Bichos – Miguel Torga

Wook.pt - Bichos

“Ninguém é feliz sozinho, nem mesmo na eternidade.”

“Suava em bica. Escorria das fontes às solas dos pés. O sol já não estava a pino. Ia caindo, agonizante, para os lados do Marão. A última dor morrera há um segundo, ou há horas, ou há semanas? Não sabia. Sabia, sim, que o sofrimento se apagara de uma vez e a deixara, como deixa o cortiço o enxame que parte. Nem um som, nem a presença duma aragem a quebrar a solidão que a cercava. Apenas num céu em fim de incêndio um mormaço cerrado.”

“Ignorância desculpável, aliás. A gente entende pouco do semelhante. Cada um de nós é um enigma, que a maior parte das vezes fica por decifrar.”

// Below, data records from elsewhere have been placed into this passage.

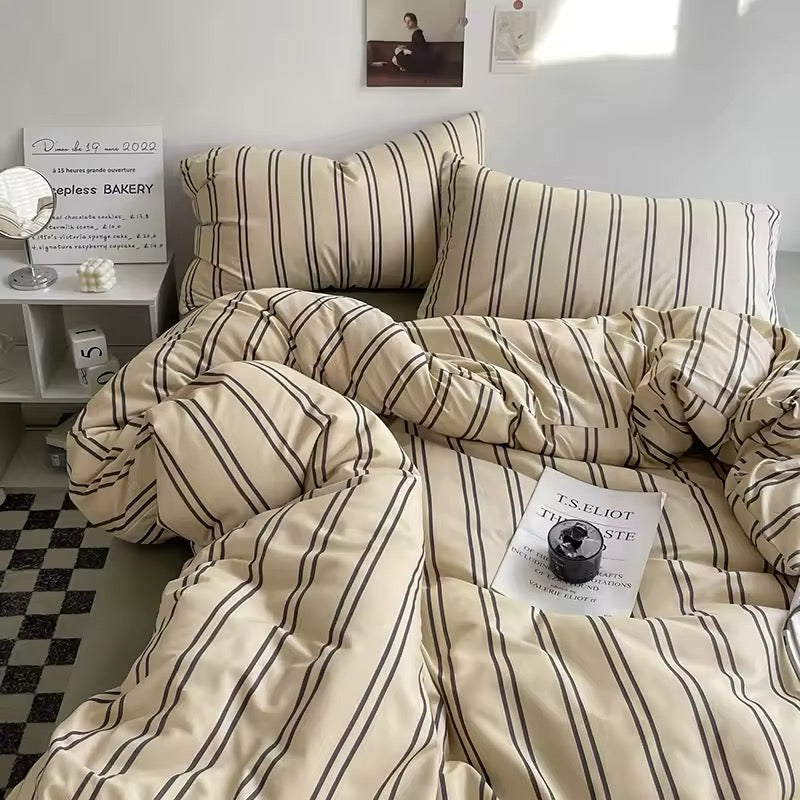 Retro Striped Bedding Set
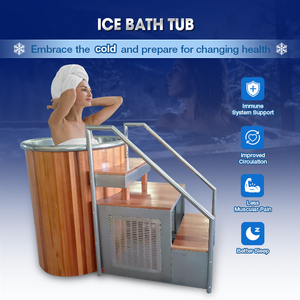Baignoire de plongeon à froid en bois massif avec isolation thermique, bain de glace avec refroidisseur et filtre, qualité commerciale - Product Image 4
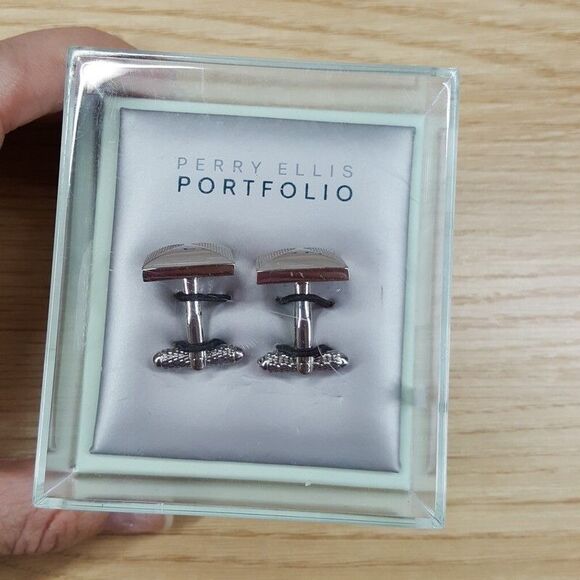 PERRY ELLIS Mens Cuff Links Silver Tone Pyramid - Picture 2 of 5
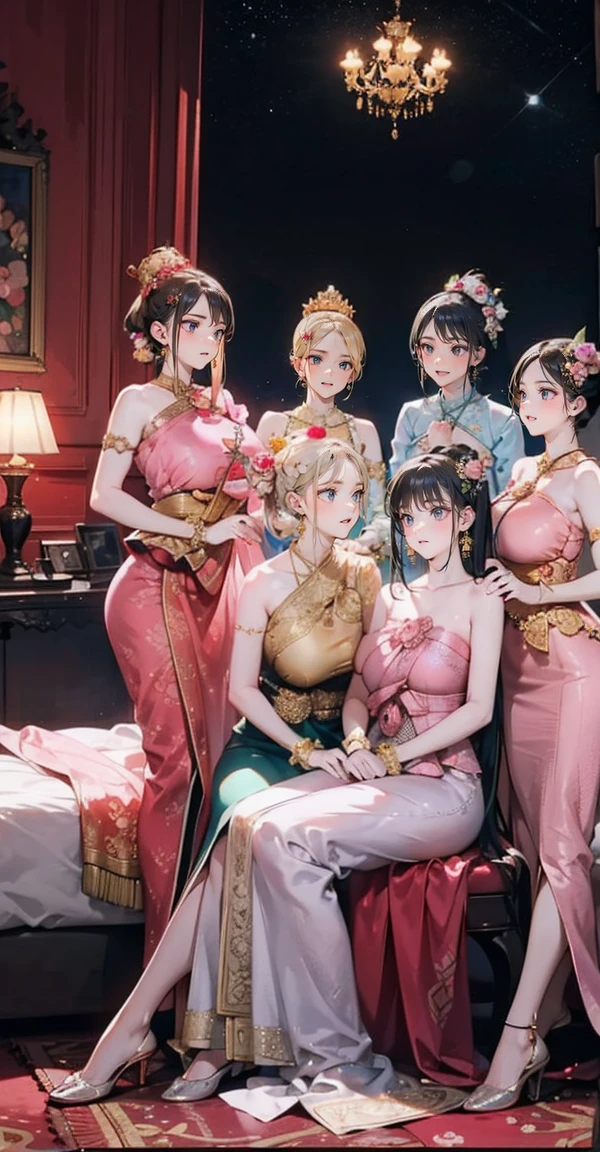 Groupe de 5 princesses,(5 jeunes femmes,Beaucoup de jeunes femmes), (dans la chambre), différents styles de cheveux, harem, Porter une robe thaïlandaise sans bretelles.., la nuit, visage détaillé, gros seins,rideau de poitrine, jupe courte, mule, Sans manches , montre tes aisselles, la nuit, starry la nuit,(grandes aréoles:1.4,rose,Les mamelons sont bien visibles....),((diverses poses)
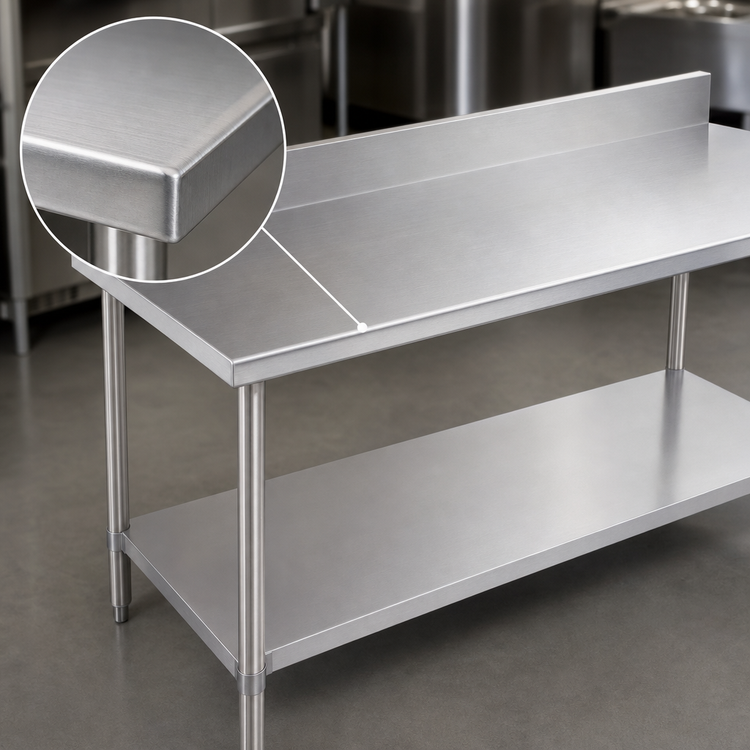 Product image #3 for Duke 48 Inch x 24 Inch 16 Gauge 400 Series Stainless Steel Work Table with 5 Inch Riser, Undershelf, and Posts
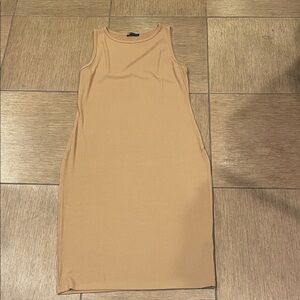 Sleeveless Tan Ribbed Midi Dress by Prettygarden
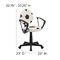 Flash Furniture Metal Task Chair, 17" to 21-1/2", Black and White BT-6177-SOC-A-GG - alternate 3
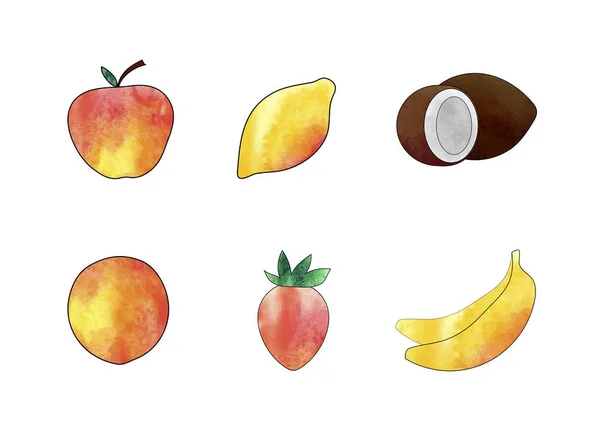 Vetor frutas ícones simples com texturas aquarela isolados —  Vetores de Stock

“Mas em breve se tornou evidente que o Senhor ia ceder. Que nada podia contra aquela vontade inabalável de ser livre. Que para salvar a sua própria criação, fechava, melancolicamente, as comportas do céu.”

 

Adolfo Correia da Rocha mais conhecido pelo pseudónimo Miguel Torga, nasceu a 12 de Agosto de 1907. Destacou-se como poeta, contista e memorialista, mas escreveu também romances, peças de teatro e ensaios.

O livro Bichos é um conjunto de 14 contos do autor que, tal como o titulo indica, são histórias sobre bichos. Nesta obra animais, homem e natureza unem-se de uma forma mágica que nos faz lembrar que nenhum pode viver sem o outro.

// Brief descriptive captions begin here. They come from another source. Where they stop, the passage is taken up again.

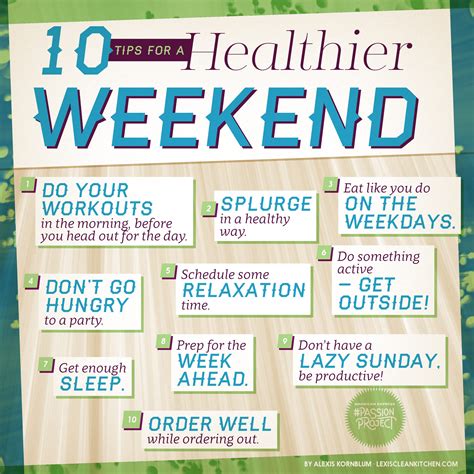10 Tips for a healthier weekend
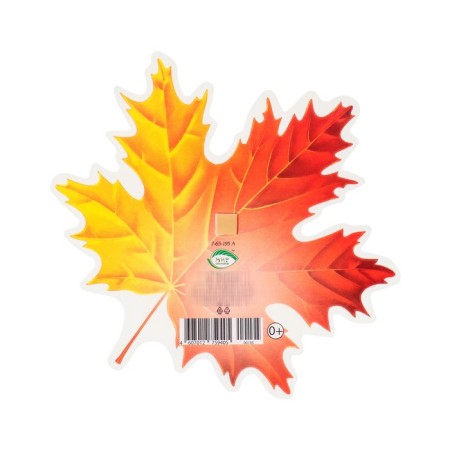 Decoration on the adhesive tape "Maple leaf" burgundy, yellow, 18x18 cm-1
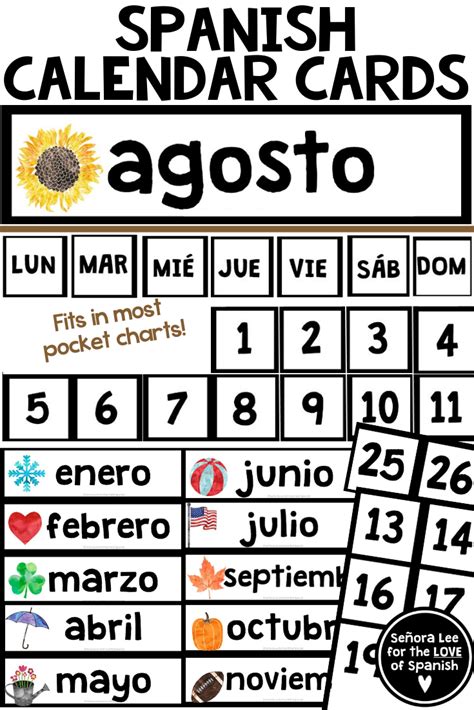 Spanish Calendar Cards Spanish Days Of The Week Months Classroom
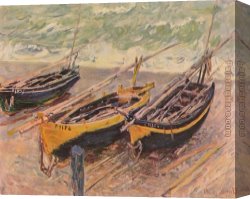 Fishing Boats at Dusk Canvas Paintings - Three Fishing Boats by Claude Monet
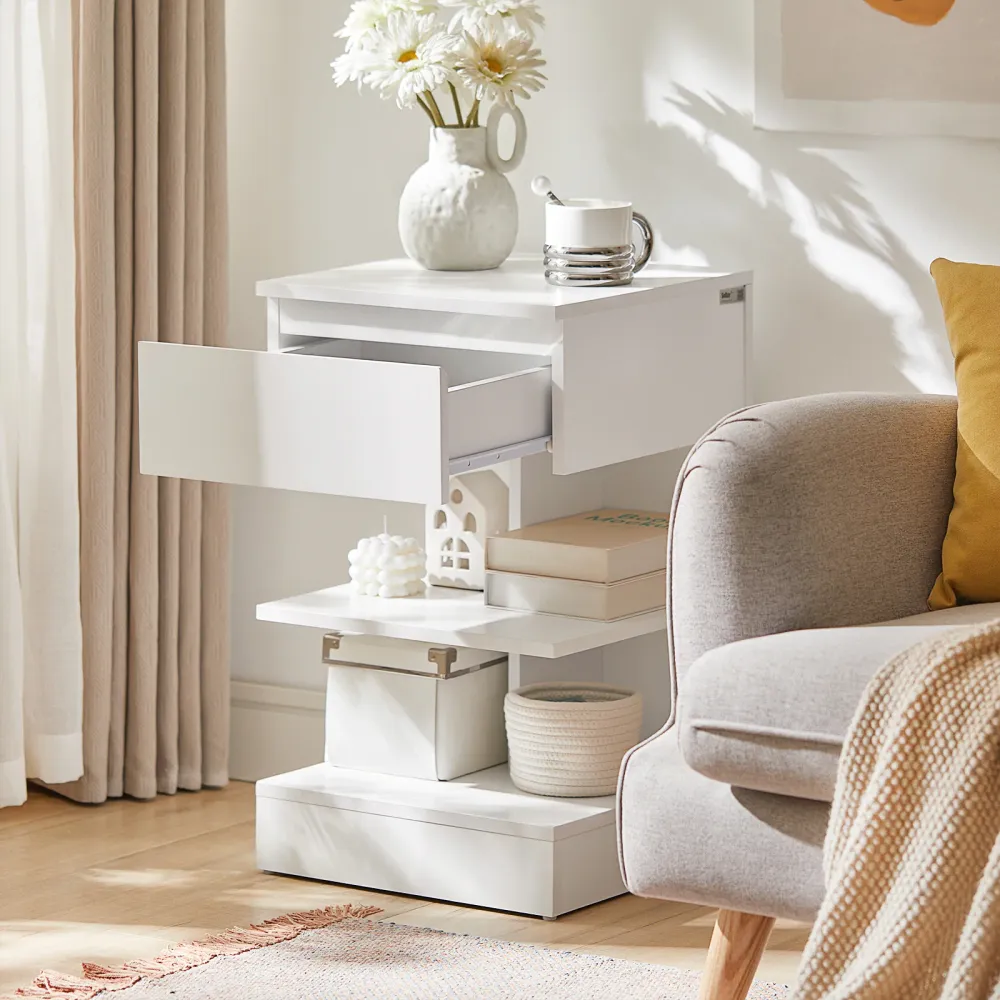 SoBuy FBT49-W Schlafzimmer-Nachttisch – Nachttisch mit 1 Schublade und 2 Ablagen, Wohnzimmer-Couchtisch – moderne Kommode...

Li este livro de uma assentada e, quando terminei, voltei a ler. Agora estou a escrever sobre ele aqui mas acho sinceramente que depois o vou reler de novo.

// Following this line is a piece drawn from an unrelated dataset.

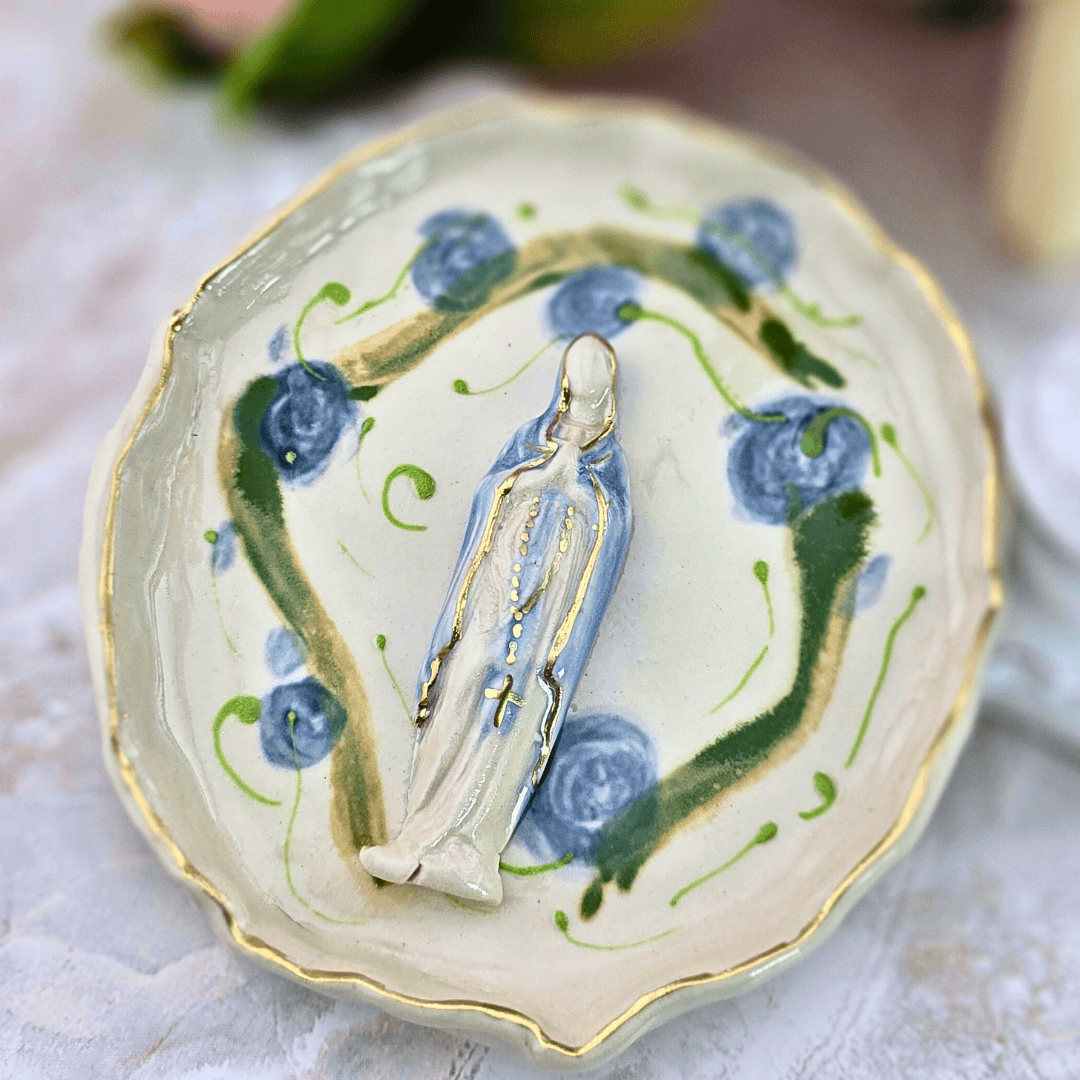 Sister Dulce Gift Shop, Shepherds Staff, Religious Store, Cypress Springs Mercedarian Prayer Center, Sacred Treasures, Our Lady of the Rosary Blue Roses Trinket Dish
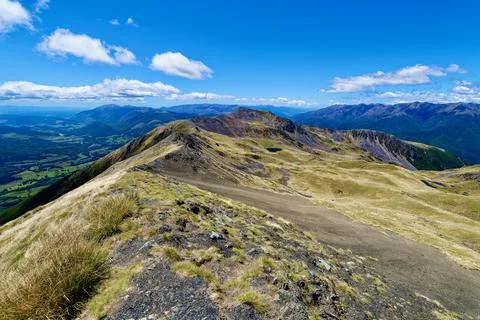 View from the ridgeline of the St Arnaud Range track Stock Photos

Se há um livro que merece pontuação máxima é este. Os contos são curtos, fáceis de ler e tocam-nos no coração. Quem são realmente os verdadeiros bichos?

A escrita de Miguel Torga é algo que muito poucos autores conseguem fazer. Simples, complexa, cheia de metáforas magnificas e inspiradoras. As histórias, mesmo aquelas que mais humanificam os bichos, cravam-nos os pés na terra. São reais, pálpaveis.

Sabem ao interior do país, lembram-me o meu alentejo com as suas searas infindáveis e o seu calor escaldante. Sabem às velhas histórias que os meus avós me contavam, às noites frias em redor da lareira, à mesa posta não com o que se quer mas com o que se consegue. Têm o tom de voz do povo, a frescura da água das suas fontes. Por cada releitura uma história diferente, lê-se quase tanto nas entrelinhas como nas linhas. O dito e o não-dito, o que lemos, o que sentimos e o que não lemos mas sabemos que também está lá escrito.

Já sem falar no prefácio, que é nada mais nada menos que uma mensagem do autor directamente para o leitor. Aqui sentimo-nos logo acolhidos, compreendidos, abraçados. Uma mensagem linda, e olhem que eu nem gosto de prefácios. Mas abro uma excepção para este.

 Este é um livro repleto de humildade. E humanidade. E bichos.

Apaixonei-me por cada um dos “bichos” deste livro, sem excepção. Alguns mais polémicos, outros nem tanto. Mas cada qual com as suas próprias histórias e dores. E tão reais…

Um livro excelente, muito recomendado!

Livro na Wook

4 comments

  1. Este foi um dos primeiros livros que li, pois era de leitura obrigatória no 7º ano. Recordo-me que gostei e até hoje ficou na minha memória o Vicente, um corvo que desafia Deus, sendo o conto uma metáfora e Vicente a representação do Homem, simultaneamente, Torga confessava a sua não crença em Deus.